The node code is stored in /app-deloyments/<datestamp>/repo/ .. but don't expect things you put here to stick around.
\> node server.js ^Z \> ps aux USER PID %CPU %MEM VSZ RSS TTY STAT START TIME COMMAND 1313 240483 0.0 0.0 105068 3152 ? S 17:02 0:00 sshd: (user)@pts/1 1313 240486 0.0 0.0 108608 2124 pts/1 Ss 17:02 0:00 /bin/bash --init-file /usr/bin/rhcsh -i 1313 275483 0.3 0.4 467788 36892 ? Sl 17:24 0:01 /usr/bin/mongod --auth -f /var/lib/openshift/(user)/mongodb//conf/mongodb.conf run 1313 284292 2.5 0.6 732440 45924 pts/1 Sl 17:30 0:02 node server.js 1313 287036 2.0 0.0 110240 1156 pts/1 R+ 17:32 0:00 ps aux \> echo "284292" > $OPENSHIFT_NODEJS_PID_DIR/cartridge.pid
So, PID is in the file, and the PID is a valid running node process. Then I did my git commit of my fix, and ran git push... and it was back to normal!
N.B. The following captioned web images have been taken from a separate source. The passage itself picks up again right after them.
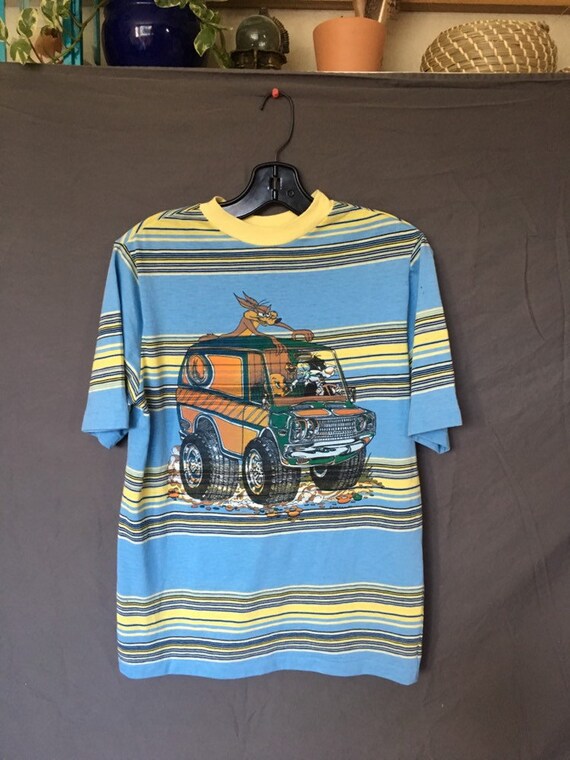 Vintage 1975 Looney Toons 50/50 super soft striped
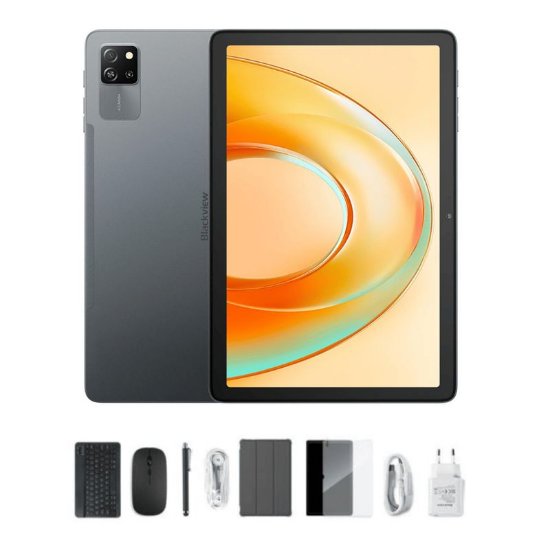Tablet BLACKVIEW Tab 60 Pro, 10,1", 8GB, 128GB, LTE, Android 15, sivi + preklopna torbica, stylus olovka, tipkovnica, bežični miš, punjač gratis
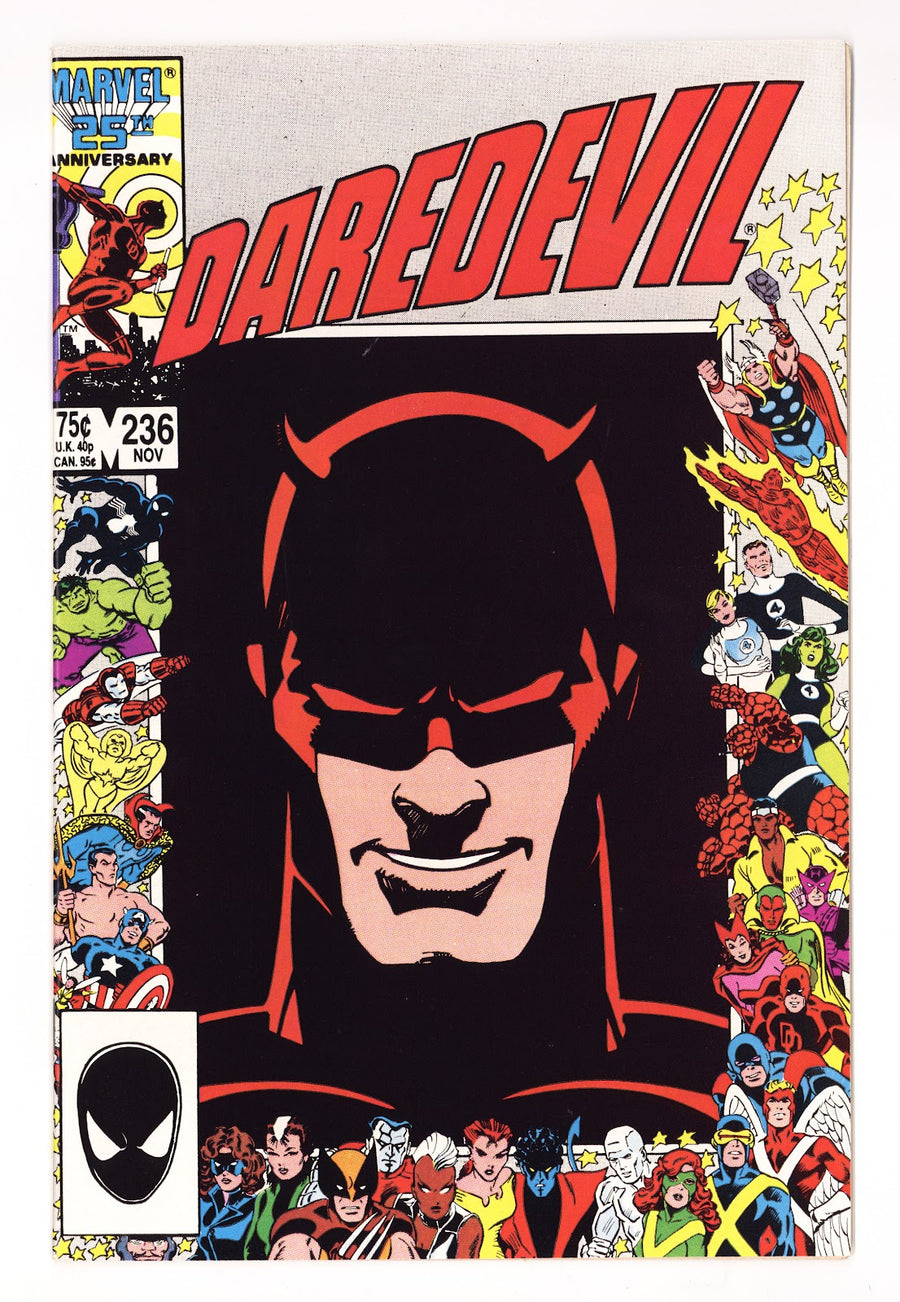 Daredevil Vol 1 236  High Grade   (1986)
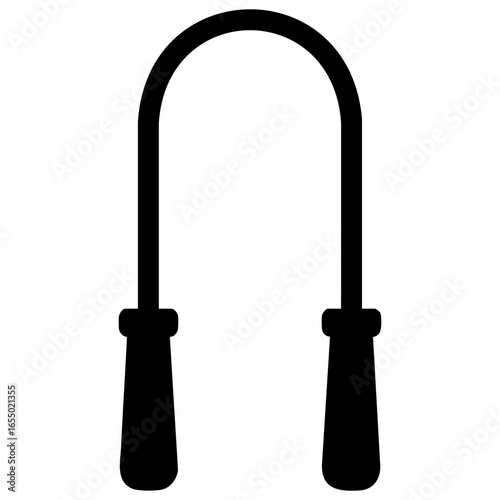 jump rope icon vector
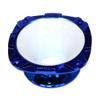 DEEJAY LED TBH2INSHORTWHBLU DJL Short 2-inch Bolt On Horn White Blue view 1
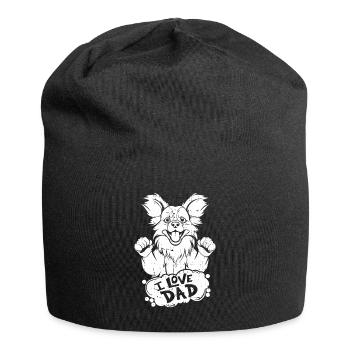 Papillon I Love Dad - Jersey-Beanie - Schwarz - Vorne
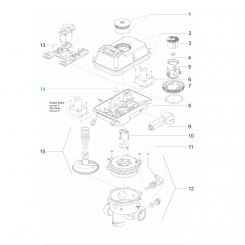 Spare part kit for Aquastar Control - pump limit switch 6V DC motor Spare part kit for Aquastar Control - pump limit switch 6V DC motor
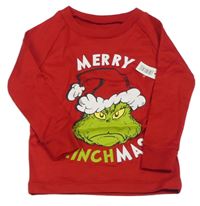 Nové - červené vianočné tričko s Grinchem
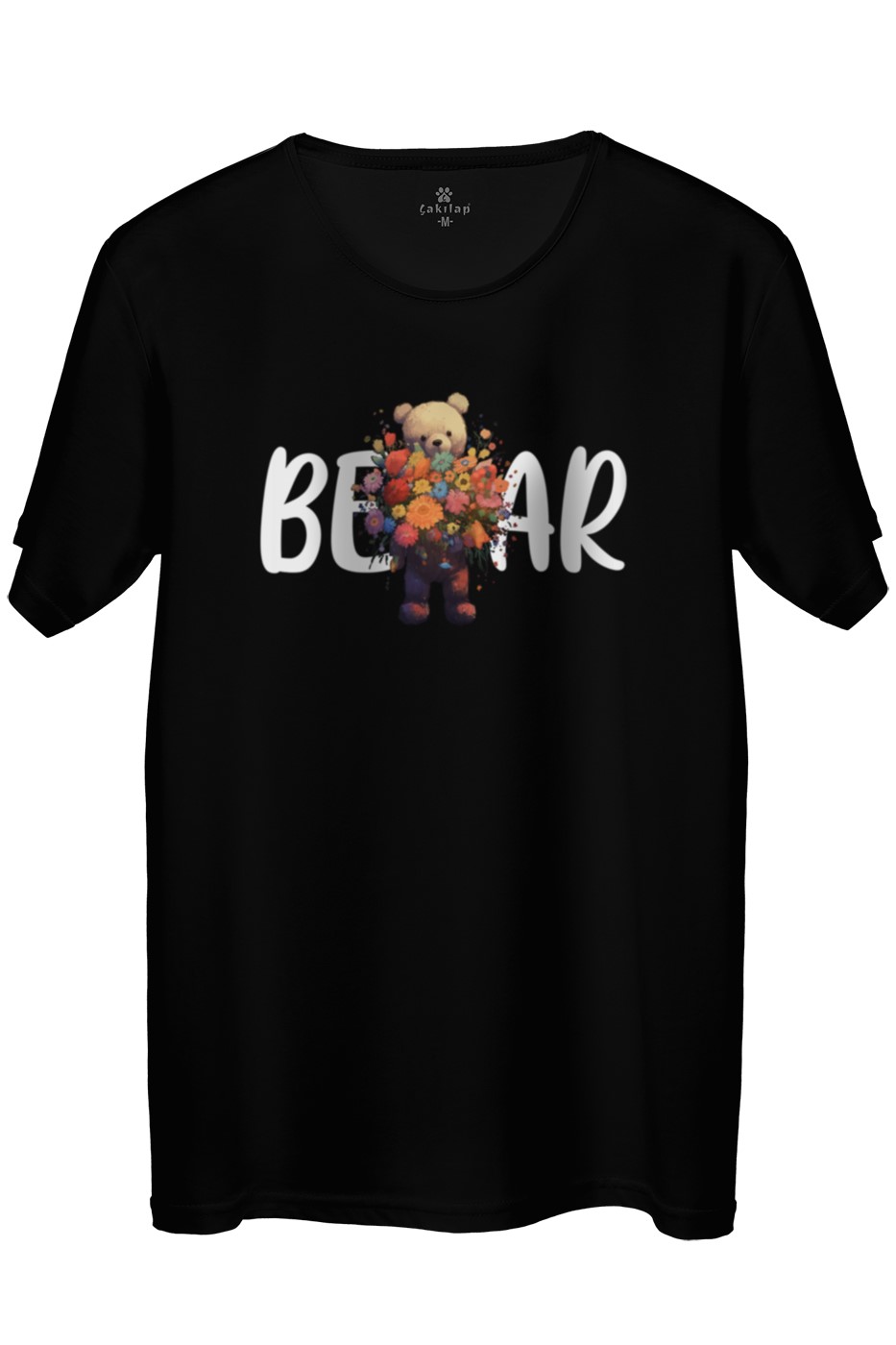 Ayıcık Baskılı Regular Tişört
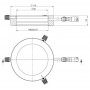 StarLight Opto-Electronics RL5-80 A, бурштиновий (590 нм), Ø 80мм (58868)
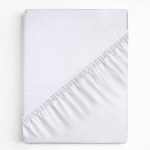 LuxClub Kummiga voodilina 180x200, valge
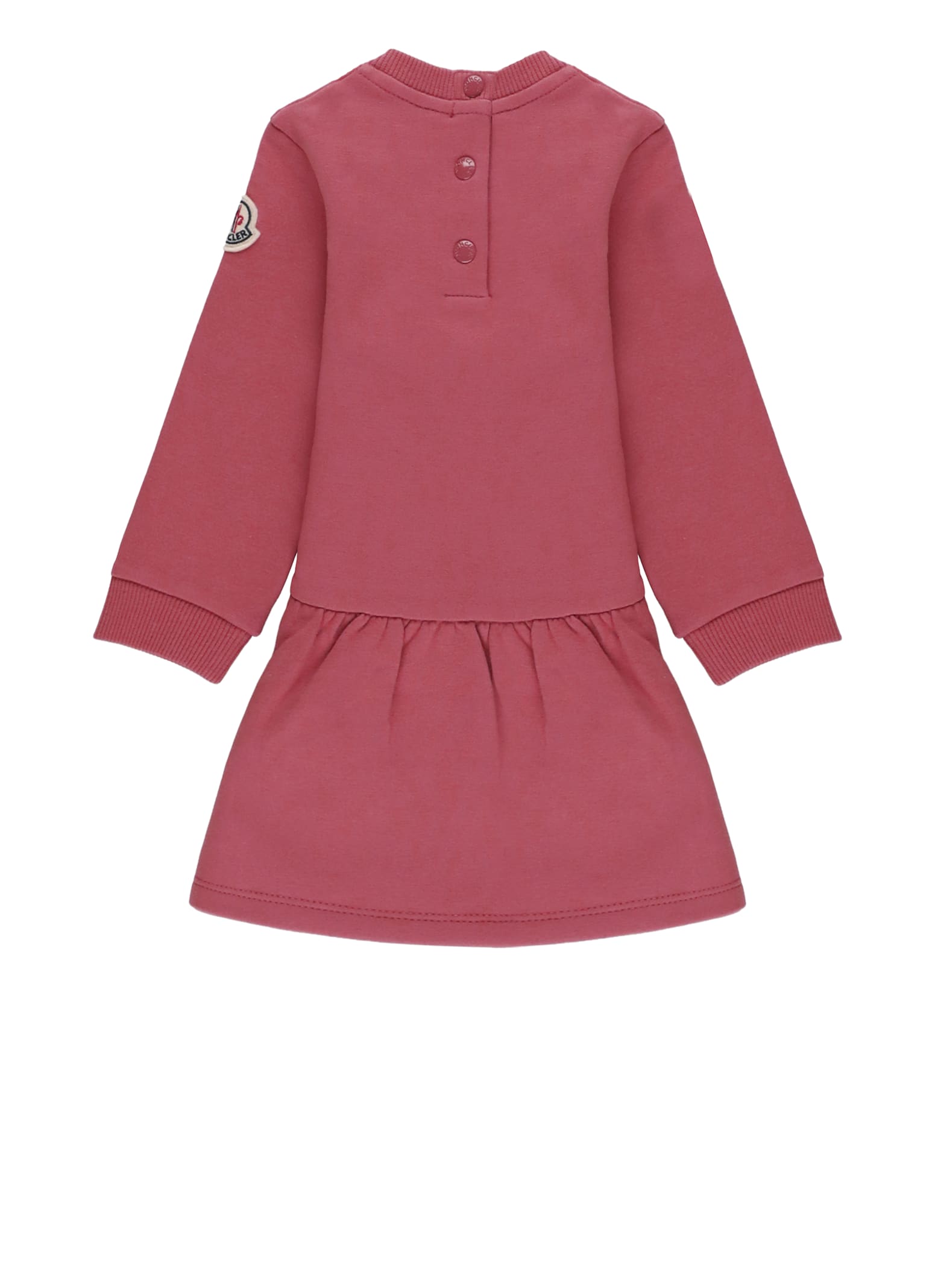 Moncler Dress With Logo In Red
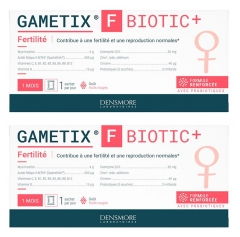 Suppl&eacute;ment de Fertilit&eacute; Densmore Gametix F Biotic+ - Bo&icirc;te de 30 Sachets
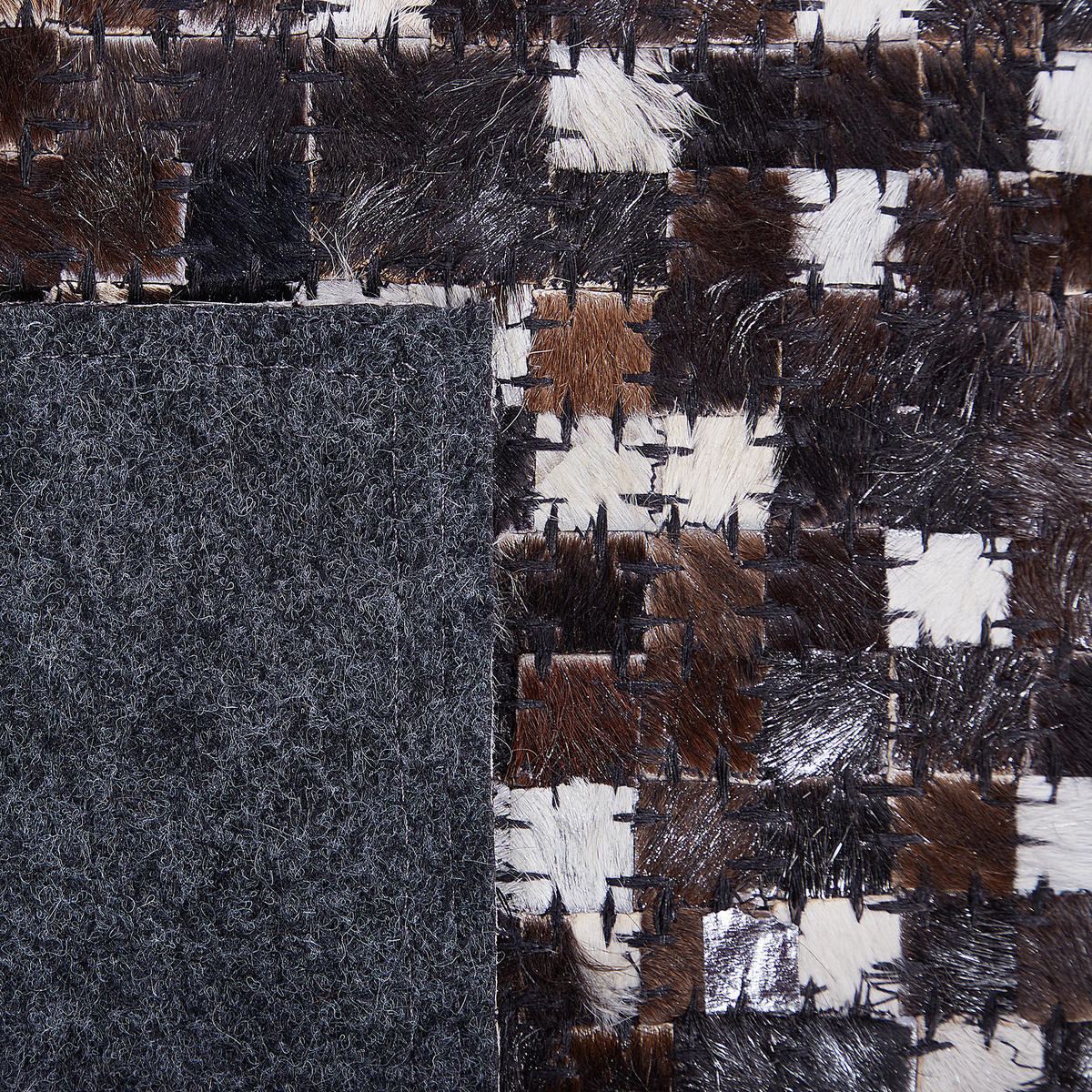 KURZFLOR-TEPPICH Akkese 230/160 cm - Braun, Fell (160/230cm) - Beliani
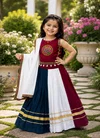 St D No 147 Heavy Rayon Cotton Multi Colour Kids Chaniya Choli
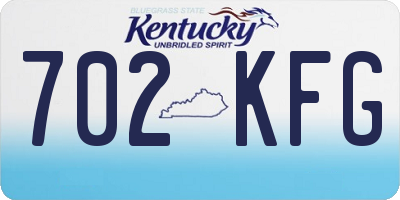 KY license plate 702KFG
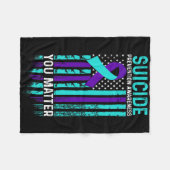 Suicide Prevention Awareness - You Problem America Fleecedecke (Vorderseite (Horizontal))
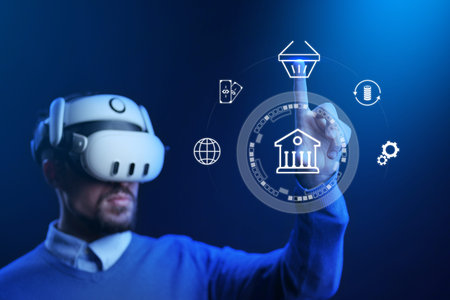 Bank invoice payment process through virtual reality technology in a digital setting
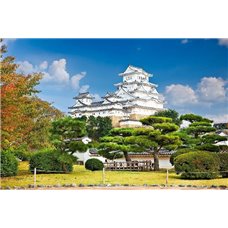 Картина на холсте по фото Модульные картины Печать портретов на холсте Замок Химэдзи сад Азия - Фотообои Японские и просто сады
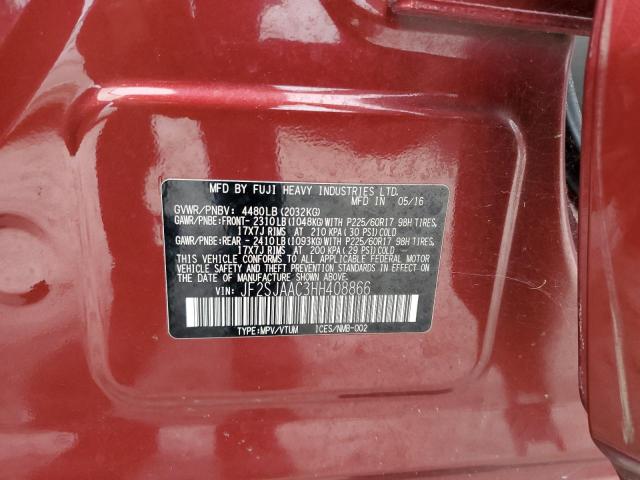 Photo 10 from auction – 2017 SUBARU FORESTER 2 with VIN JF2SJAAC3HH408866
Counting objects: 5, done. Delta compression using up to 8 threads. Compressing objects: 100% (3/3), done. Writing objects: 100% (3/3), 344 bytes | 0 bytes/s, done. Total 3 (delta 2), reused 0 (delta 0) remote: Stopping NodeJS cartridge remote: Stopping MongoDB cartridge remote: Saving away previously installed Node modules remote: Building git ref 'master', commit f5e40ef remote: Building NodeJS cartridge remote: npm info it worked if it ends with ok ... remote: npm info ok remote: Preparing build for deployment remote: Deployment id is aa38fed5 remote: Activating deployment remote: Starting MongoDB cartridge remote: Starting NodeJS cartridge remote: Result: success remote: Activation status: success remote: Deployment completed with status: success
So, now that the PID was stable and correct, it seemed to deploy properly and I've had no troubles since!